Secondly, AI’s commercial value have increased immensely as it has become useful for various purposes, now driving huge investment which is a process bound to continue and accelerate rapidly, Motherboard writes.
The article emphasises the importance of getting the relationship between humans and artificial intelligence right, and that it must happen the first time around. There are no room for mistakes, and there appears to be signs of a growing awareness of these issues and their importance.
Safety Comes First
Today it appears that the focus is on safety and on the short-term benefits of AI, how it affects jobs, etc. Despite these questions being very important, Motherboard emphasises that there is also need for addressing the “bigger” issues, such as safety.
There are reasons to be optimistic about the future of AI, as it can potentially help us solve practical problems that would otherwise defeat our “limited brains”, the article reads.
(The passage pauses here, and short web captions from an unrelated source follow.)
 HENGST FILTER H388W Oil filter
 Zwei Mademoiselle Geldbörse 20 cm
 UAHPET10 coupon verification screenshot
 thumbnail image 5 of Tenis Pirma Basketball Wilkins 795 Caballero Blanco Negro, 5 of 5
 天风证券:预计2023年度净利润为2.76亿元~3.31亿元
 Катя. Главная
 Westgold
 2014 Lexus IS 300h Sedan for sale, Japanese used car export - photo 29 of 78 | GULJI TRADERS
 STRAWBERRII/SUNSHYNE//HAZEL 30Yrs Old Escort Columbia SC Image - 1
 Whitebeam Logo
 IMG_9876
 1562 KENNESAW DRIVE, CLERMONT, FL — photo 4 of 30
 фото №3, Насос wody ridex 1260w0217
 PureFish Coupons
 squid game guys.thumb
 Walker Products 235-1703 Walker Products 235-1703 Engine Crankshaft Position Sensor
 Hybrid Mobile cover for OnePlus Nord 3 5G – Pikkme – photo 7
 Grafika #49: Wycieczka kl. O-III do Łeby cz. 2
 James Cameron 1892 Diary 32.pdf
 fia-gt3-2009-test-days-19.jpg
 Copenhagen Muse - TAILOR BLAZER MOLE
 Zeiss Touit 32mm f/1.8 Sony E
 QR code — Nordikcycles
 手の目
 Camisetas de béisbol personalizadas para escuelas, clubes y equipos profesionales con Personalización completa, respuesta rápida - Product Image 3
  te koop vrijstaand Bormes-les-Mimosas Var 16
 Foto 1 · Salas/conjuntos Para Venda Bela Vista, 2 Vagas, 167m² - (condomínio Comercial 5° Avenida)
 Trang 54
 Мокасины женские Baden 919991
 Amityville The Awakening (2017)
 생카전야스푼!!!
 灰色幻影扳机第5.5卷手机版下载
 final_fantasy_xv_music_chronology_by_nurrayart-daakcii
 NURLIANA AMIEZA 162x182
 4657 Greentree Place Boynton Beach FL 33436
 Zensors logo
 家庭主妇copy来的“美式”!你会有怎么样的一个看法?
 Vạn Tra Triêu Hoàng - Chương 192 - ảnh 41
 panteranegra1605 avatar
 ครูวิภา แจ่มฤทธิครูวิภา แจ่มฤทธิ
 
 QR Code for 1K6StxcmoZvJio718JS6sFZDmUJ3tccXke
“But when it comes to what the cartography of possible futures looks like, which parts of it are better or worse, and how we steer towards the best outcomes – on those matters we are still largely ignorant. We have some sense of regions we need to avoid, but much of the map remains terra incognita. It would be a peculiarly insouciant optimist who thought we should just wait and see”
Motherboard refers to Alan Turing and his predictions made in 1951 about the era of machine thinking starting, and that it is essential to acknowledge that a lot needs to be done.
The article then takes us back to the necessity of safety, and ensuring that if we are to develop machines that can think, they need to be safe and beneficial.
“And we must face it together – the issue is far too large and crucial to be tackled by any individual institution, corporation or nation. Our grandchildren, or their grandchildren, are likely to be living in a different era, perhaps more Machinocene than Anthropocene”
“Our task is to make the best of this epochal transition, for them and the generations to follow. We need the best of human intelligence to make the best of artificial intelligence”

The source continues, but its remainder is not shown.